Over 200 bird species have been recorded in the park. Last December, a snowy owl was spotted, the first time the bird had been seen in Brooklyn in years. Whenever I’m biking through the park, I ride past countless children learning how to ride a bike, a safe, car-free oasis along the Belt Parkway where New Yorkers can fall in love with cycling. This kind of multi-layered infrastructure (environmental remediation, community space, habitat restoration, and flood protection) would not be possible without rigorous environmental regulations, environmental justice advocates, designers and policy experts, and governments investing in projects that center the care and well-being of the people they serve.

The backside of the building with the Shirley Chisholm mural features one of her most timeless quotes: “Service is the rent we pay for the privilege of living on this earth.” It’s a fitting quote for a park that provides a lot of lessons in what service can look like.

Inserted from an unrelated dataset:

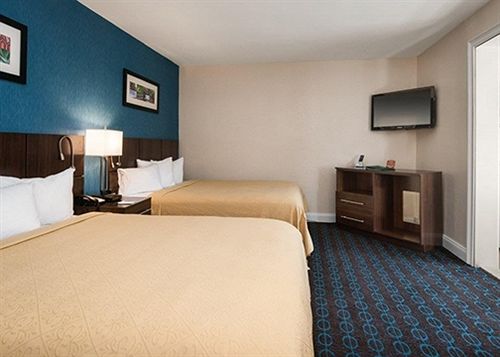 Hotel Newport Inn  | Middletown | Rhode Island | United States 3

This park was not a given. At any point, negotiations could have fallen apart, a change in administration could have meant going back to the drawing board, and communities that waited 30 years for safe access to the waterfront could have waited another 30 years. But it happened through persistence, creative design and policy solutions, and vision. It makes me think about what’s still possible when care, not contempt, is the foundation of governance.